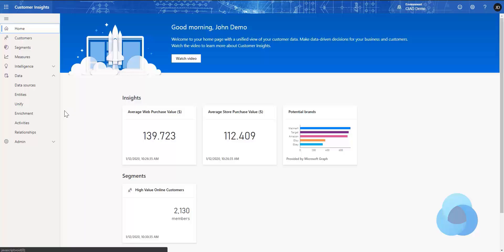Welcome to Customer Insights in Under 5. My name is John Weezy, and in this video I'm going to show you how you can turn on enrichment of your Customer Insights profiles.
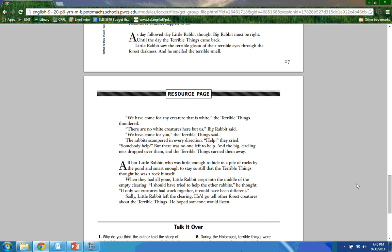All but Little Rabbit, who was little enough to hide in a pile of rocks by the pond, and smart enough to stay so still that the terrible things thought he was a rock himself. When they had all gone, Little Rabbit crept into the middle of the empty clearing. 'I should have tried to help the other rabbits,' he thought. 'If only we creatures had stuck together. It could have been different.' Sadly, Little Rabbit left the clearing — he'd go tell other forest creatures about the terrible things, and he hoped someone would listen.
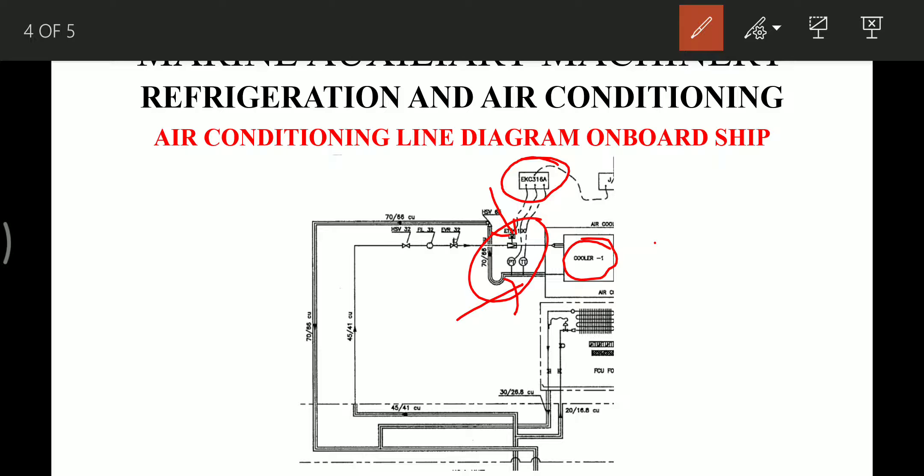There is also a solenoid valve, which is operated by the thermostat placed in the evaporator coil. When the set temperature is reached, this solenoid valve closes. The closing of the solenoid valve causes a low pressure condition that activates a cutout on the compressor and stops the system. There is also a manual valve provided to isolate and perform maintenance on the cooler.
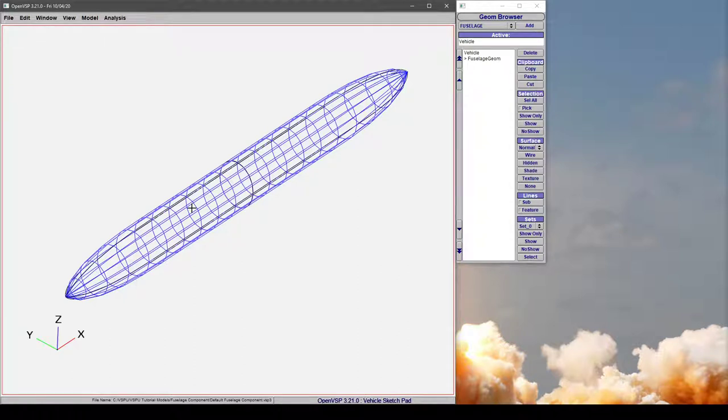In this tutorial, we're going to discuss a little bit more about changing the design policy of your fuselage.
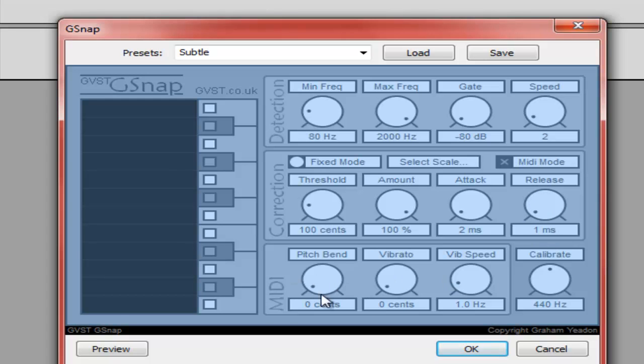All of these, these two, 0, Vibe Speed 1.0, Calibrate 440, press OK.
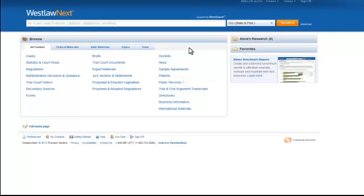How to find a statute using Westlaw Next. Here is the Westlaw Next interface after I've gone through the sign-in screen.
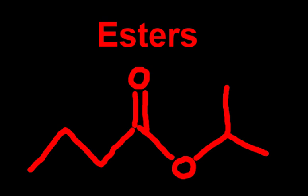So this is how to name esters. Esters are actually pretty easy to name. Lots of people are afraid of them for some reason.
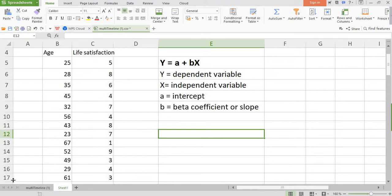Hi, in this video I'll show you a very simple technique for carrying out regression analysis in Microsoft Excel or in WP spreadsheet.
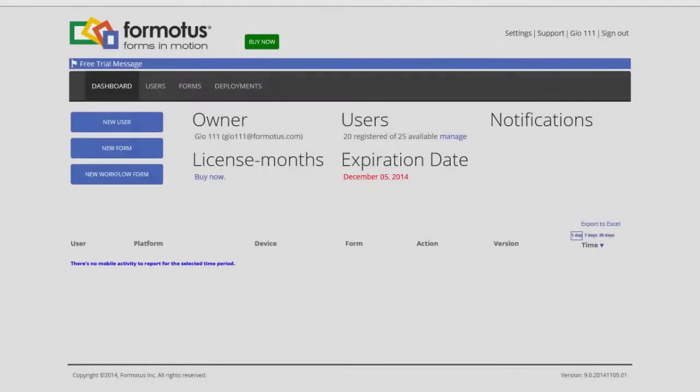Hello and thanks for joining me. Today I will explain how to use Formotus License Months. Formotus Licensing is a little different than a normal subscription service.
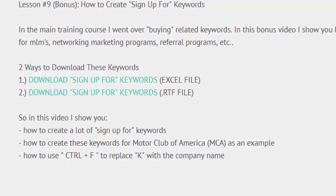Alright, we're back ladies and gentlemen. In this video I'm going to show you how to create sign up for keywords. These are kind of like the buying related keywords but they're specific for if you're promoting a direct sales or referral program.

---

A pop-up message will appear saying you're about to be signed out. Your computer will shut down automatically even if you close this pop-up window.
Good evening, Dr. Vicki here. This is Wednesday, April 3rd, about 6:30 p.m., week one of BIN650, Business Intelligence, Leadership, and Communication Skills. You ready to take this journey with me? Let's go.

...

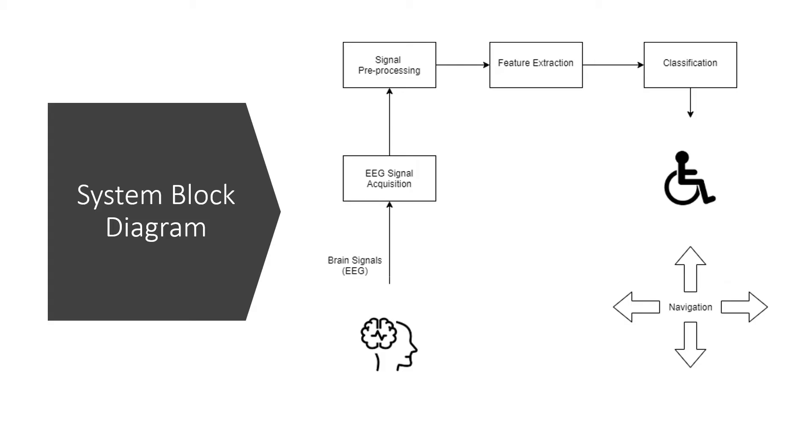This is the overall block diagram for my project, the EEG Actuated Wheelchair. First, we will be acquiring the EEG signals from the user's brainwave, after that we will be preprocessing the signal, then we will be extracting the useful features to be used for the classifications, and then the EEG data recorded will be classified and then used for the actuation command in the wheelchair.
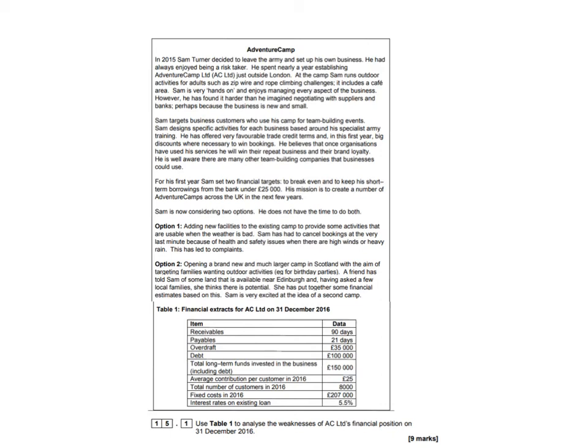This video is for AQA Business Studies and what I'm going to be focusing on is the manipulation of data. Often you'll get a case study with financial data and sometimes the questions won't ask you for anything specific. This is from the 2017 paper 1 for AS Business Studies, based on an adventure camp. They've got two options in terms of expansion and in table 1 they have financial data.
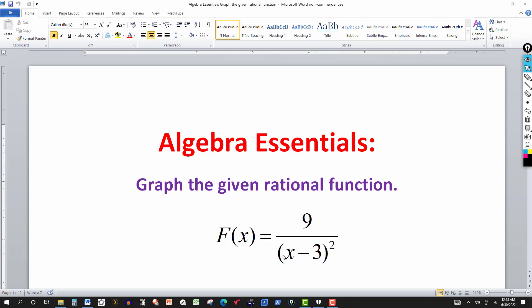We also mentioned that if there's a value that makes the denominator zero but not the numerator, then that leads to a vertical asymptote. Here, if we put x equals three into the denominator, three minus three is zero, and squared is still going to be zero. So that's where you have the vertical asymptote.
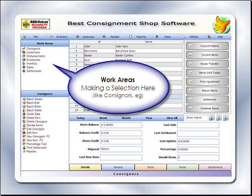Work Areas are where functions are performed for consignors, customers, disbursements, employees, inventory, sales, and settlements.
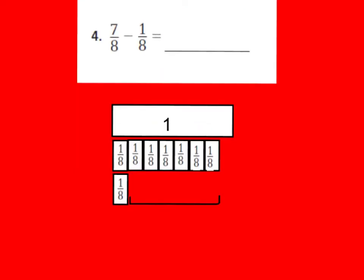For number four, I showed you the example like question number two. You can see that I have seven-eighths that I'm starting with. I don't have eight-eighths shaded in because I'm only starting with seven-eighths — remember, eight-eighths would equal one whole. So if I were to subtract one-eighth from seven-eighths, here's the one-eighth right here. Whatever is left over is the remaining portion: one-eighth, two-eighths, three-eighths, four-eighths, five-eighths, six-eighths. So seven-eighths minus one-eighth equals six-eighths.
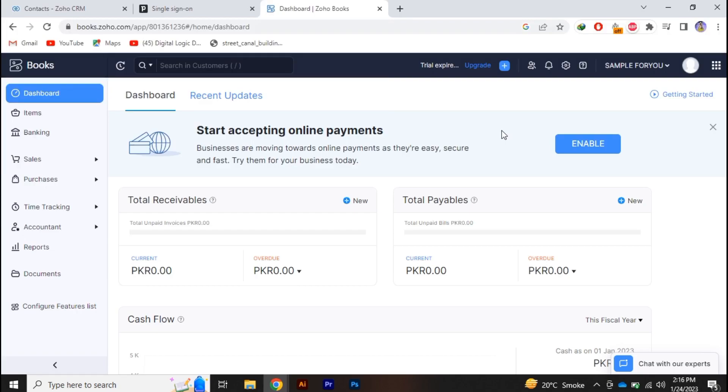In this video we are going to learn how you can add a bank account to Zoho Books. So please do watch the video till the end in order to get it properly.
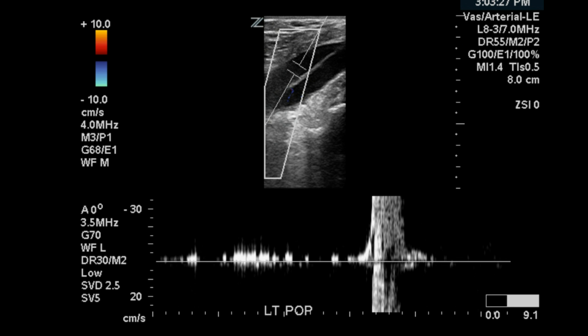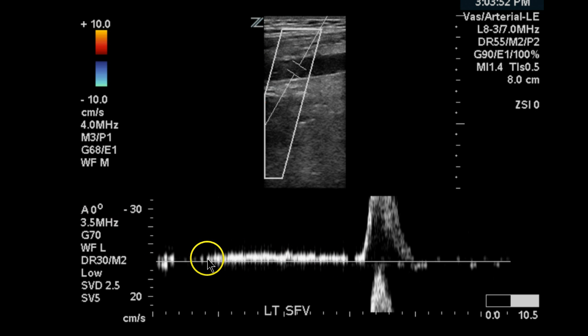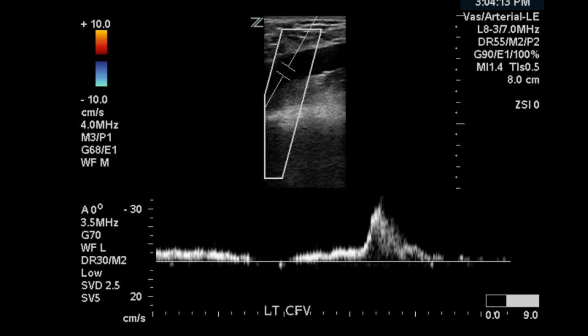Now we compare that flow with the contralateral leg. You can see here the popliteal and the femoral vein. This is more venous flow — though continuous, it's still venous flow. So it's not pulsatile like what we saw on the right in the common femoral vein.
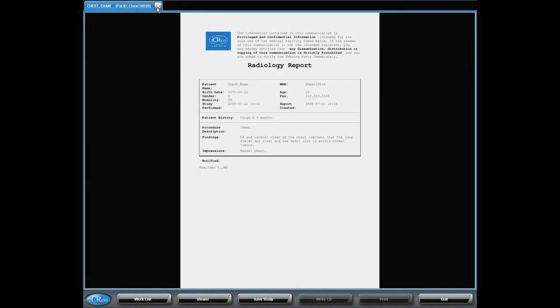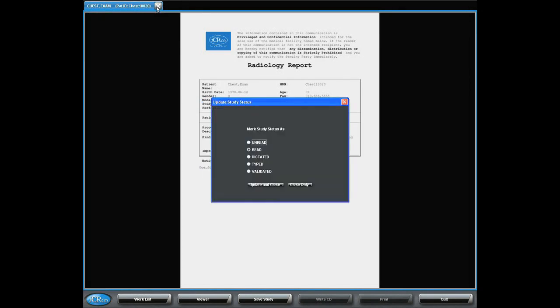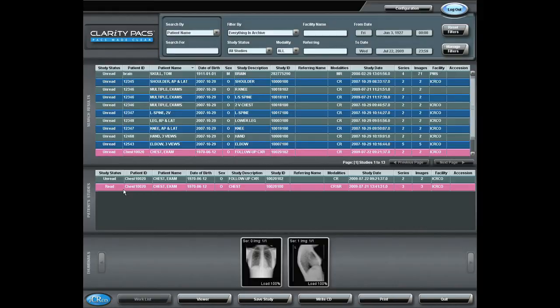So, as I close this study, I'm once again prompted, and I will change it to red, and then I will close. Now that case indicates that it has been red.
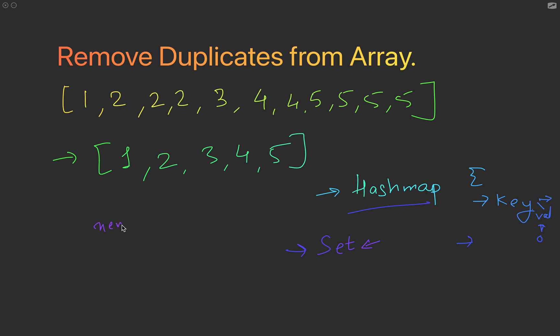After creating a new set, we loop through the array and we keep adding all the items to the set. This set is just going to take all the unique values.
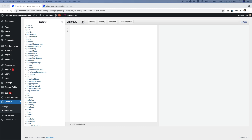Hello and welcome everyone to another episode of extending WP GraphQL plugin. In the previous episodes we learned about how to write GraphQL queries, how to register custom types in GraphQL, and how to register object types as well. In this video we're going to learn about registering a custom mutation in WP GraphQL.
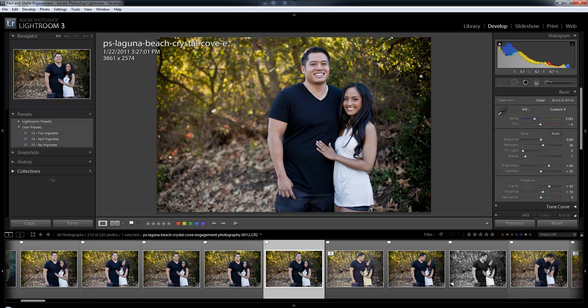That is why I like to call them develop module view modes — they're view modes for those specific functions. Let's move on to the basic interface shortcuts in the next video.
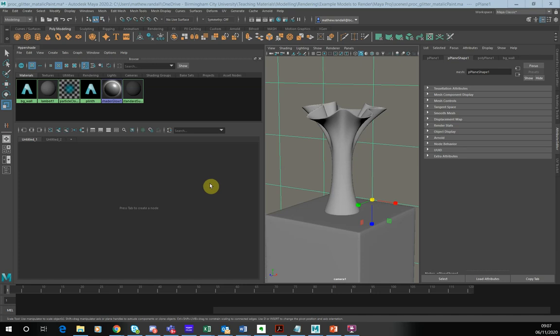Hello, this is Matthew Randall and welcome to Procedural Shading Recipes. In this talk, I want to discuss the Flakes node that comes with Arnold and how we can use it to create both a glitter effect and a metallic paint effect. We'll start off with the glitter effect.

Work task: Although pictures appear among the entries, please set down only the lines from the one with "This video is" up to and including the one with "Work Areas are", word for word.

Task response:
This video is for AQA Business Studies and what I'm going to be focusing on is the manipulation of data. Often you'll get a case study with financial data and sometimes the questions won't ask you for anything specific. This is from the 2017 paper 1 for AS Business Studies, based on an adventure camp. They've got two options in terms of expansion and in table 1 they have financial data.
We also mentioned that if there's a value that makes the denominator zero but not the numerator, then that leads to a vertical asymptote. Here, if we put x equals three into the denominator, three minus three is zero, and squared is still going to be zero. So that's where you have the vertical asymptote.
Work Areas are where functions are performed for consignors, customers, disbursements, employees, inventory, sales, and settlements.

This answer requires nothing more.